Comme en 2003, des militants radicaux, qu’ils soient membres de la FSU ou appuyés par les confédérations combatives (CGT, FO et SUD) tentèrent de reproduire ce modèle plus intense parmi les enseignants. De nombreux enseignants combatifs se sont mobilisés durablement, souvent pour quelques jours. Les grèves reconduites leur ont permis de mobiliser les citoyens, de construire une dynamique en occupant l’espace local et médiatique (manifestations dans des centres commerciaux, occupations d’établissement, retraites aux flambeaux…). Cependant, la grève générale échoua dès le lendemain du 5 décembre. De même, l’absence de temps fort hebdomadaire, remplacé mi-janvier par trois jours consécutifs de mobilisation dont deux comprenant des grèves, fut désastreuse.
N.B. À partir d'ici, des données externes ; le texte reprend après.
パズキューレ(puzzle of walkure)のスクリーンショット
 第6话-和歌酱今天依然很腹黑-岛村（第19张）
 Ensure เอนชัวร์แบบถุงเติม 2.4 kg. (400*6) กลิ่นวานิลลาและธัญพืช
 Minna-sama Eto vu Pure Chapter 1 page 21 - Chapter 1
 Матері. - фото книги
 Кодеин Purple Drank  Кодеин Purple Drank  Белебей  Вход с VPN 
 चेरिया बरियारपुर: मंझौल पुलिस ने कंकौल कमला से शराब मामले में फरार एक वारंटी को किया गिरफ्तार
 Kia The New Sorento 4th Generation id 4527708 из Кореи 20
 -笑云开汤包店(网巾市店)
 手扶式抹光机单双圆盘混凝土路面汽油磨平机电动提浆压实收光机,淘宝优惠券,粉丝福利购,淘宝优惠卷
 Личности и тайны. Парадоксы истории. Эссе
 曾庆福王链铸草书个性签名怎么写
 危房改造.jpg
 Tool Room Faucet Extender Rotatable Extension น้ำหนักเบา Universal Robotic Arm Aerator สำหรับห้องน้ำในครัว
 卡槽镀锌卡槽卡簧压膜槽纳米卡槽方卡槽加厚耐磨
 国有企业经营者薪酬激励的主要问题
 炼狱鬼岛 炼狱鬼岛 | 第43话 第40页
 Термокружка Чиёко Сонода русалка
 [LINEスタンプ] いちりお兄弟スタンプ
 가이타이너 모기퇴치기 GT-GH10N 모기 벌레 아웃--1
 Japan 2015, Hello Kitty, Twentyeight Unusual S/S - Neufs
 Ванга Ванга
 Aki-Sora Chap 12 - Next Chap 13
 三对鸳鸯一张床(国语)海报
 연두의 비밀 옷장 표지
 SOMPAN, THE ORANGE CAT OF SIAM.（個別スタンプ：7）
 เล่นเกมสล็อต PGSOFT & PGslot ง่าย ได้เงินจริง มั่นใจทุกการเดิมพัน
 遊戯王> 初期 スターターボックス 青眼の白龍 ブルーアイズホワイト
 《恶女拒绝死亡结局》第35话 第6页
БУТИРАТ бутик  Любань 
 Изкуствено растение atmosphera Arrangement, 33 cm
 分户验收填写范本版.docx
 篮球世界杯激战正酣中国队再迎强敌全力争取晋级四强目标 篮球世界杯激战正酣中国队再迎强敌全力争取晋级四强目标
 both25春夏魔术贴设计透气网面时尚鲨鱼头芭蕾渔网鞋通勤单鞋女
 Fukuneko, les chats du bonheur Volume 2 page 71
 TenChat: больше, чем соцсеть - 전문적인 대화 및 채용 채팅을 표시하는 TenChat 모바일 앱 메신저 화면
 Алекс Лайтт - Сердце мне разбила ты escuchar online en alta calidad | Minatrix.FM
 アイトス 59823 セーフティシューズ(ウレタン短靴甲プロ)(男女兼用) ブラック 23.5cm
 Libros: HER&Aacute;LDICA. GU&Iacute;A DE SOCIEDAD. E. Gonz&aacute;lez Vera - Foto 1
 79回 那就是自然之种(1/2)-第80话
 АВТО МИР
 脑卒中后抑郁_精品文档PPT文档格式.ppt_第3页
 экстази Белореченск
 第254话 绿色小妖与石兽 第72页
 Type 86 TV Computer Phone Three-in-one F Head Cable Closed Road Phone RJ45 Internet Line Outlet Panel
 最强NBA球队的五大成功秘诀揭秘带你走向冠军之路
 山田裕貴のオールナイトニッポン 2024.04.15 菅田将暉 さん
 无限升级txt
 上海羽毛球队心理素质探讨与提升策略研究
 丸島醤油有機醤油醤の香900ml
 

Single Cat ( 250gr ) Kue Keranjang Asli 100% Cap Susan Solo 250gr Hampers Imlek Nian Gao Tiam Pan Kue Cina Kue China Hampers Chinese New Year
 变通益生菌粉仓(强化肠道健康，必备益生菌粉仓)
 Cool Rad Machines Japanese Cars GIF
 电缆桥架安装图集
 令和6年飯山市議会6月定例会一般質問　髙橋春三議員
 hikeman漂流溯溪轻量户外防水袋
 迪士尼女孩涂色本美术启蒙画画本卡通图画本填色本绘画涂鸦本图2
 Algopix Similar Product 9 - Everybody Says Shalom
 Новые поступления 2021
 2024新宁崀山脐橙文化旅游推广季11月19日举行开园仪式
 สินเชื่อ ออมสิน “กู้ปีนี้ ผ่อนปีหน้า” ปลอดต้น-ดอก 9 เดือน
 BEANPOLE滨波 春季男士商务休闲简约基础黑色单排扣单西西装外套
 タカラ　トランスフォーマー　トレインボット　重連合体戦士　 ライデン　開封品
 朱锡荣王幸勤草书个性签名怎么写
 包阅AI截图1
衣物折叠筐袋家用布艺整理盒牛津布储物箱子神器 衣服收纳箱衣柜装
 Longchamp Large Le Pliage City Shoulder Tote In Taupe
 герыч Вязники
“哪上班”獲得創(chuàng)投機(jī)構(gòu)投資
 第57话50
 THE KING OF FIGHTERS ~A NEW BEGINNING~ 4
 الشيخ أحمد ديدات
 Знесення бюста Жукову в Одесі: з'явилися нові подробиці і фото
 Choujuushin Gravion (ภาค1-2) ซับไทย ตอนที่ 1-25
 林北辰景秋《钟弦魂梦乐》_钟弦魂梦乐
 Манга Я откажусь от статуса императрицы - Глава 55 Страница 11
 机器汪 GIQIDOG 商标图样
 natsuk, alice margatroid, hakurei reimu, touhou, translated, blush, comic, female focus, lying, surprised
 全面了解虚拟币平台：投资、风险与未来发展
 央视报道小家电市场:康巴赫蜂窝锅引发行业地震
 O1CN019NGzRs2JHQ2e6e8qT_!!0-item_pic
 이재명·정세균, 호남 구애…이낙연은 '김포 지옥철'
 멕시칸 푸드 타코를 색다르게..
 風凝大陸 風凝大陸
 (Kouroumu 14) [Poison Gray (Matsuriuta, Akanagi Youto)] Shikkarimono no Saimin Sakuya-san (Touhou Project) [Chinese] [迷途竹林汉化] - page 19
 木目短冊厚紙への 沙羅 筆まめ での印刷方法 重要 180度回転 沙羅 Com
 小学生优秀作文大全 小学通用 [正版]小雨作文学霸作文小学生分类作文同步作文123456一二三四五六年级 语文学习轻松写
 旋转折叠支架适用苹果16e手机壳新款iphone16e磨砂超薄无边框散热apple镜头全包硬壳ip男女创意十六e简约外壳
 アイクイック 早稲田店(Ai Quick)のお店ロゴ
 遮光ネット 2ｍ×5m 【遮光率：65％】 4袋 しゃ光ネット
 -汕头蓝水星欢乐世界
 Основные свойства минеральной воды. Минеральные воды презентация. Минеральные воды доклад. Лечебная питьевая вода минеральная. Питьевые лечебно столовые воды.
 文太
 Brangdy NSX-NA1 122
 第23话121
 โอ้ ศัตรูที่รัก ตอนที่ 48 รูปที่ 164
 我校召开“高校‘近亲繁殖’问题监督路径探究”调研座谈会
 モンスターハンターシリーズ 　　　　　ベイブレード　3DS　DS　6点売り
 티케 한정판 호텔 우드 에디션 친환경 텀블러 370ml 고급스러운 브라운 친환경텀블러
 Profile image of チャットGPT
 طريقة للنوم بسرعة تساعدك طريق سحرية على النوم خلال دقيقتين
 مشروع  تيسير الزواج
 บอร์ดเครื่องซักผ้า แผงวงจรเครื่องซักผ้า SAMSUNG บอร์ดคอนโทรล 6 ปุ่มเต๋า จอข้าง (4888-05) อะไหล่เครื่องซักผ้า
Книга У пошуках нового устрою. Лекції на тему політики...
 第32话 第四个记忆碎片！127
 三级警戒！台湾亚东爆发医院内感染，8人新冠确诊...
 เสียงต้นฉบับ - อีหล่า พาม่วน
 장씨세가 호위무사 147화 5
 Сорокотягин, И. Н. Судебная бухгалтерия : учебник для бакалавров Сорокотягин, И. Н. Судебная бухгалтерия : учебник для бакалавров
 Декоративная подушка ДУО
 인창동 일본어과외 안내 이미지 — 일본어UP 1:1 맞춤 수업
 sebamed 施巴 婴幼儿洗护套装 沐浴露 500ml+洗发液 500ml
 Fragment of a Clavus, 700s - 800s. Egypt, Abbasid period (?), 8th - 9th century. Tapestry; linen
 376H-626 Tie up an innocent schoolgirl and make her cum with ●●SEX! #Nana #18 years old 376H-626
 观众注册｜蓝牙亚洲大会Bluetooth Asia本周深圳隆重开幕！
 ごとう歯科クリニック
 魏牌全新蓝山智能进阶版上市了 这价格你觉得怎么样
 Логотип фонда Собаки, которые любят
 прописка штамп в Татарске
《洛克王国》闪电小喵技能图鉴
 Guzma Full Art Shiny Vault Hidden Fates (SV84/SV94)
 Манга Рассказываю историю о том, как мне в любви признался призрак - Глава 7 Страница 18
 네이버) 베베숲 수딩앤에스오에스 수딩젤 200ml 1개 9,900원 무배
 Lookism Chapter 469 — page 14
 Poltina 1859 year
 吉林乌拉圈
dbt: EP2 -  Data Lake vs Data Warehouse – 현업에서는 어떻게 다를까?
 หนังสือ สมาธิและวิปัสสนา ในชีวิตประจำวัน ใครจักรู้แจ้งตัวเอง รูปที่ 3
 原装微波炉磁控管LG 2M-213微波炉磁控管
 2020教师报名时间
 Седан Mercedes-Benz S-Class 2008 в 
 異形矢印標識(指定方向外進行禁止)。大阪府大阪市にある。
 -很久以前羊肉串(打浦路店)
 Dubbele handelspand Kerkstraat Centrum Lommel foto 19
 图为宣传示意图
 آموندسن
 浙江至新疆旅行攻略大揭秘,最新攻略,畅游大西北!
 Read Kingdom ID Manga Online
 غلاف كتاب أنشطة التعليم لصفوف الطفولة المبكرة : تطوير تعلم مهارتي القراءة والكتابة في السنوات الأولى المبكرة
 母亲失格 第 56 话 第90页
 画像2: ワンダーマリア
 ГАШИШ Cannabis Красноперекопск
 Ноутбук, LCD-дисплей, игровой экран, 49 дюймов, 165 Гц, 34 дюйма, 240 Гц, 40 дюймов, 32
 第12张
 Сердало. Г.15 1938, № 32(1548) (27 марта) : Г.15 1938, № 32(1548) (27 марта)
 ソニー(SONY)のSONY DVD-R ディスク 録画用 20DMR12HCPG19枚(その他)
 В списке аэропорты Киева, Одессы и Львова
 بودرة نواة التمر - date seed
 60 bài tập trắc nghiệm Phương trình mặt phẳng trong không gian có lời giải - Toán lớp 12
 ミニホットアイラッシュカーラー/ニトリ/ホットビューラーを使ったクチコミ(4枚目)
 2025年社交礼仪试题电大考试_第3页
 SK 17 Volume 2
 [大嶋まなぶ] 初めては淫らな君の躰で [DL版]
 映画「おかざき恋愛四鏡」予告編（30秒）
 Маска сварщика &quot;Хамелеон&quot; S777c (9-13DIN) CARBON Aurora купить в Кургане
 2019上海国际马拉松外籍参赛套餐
On peut donc supposer que la mobilisation enseignante a été freinée, notamment celle des grévistes occasionnels qui ne se reconnaissent pas dans une forme de lutte ouvrière, jugée trop radicale. Ce débat n’a pu être résolu démocratiquement, car les assemblées générales réunissaient surtout les plus déterminés et il n’y a pas eu de forums sur internet.
Conclusion
Ce mouvement était donc profondément ambivalent : le 5 décembre 2019 va-t-il rester un coup de tonnerre isolé ? Les syndicats enseignants peuvent-ils le reproduire avec une préparation minutieuse et unitaire ? Mobiliser durablement les grévistes occasionnels n’est pas évident : ceux qui refusent de s’engager dans les grèves ne participent guère plus aux actions alternatives (manifestation le samedi par exemple). Cependant, si le discours fataliste légitime leur absence d’investissement, il témoigne aussi d’une recherche de sens. Les enseignants français regrettent le manque d’efficacité actuel de la lutte, ils ne la rejettent pas en soi. La séquence actuelle est donc porteuse d’espoir et de réflexion pour le syndicalisme enseignant, à condition de renouer avec sa culture propre.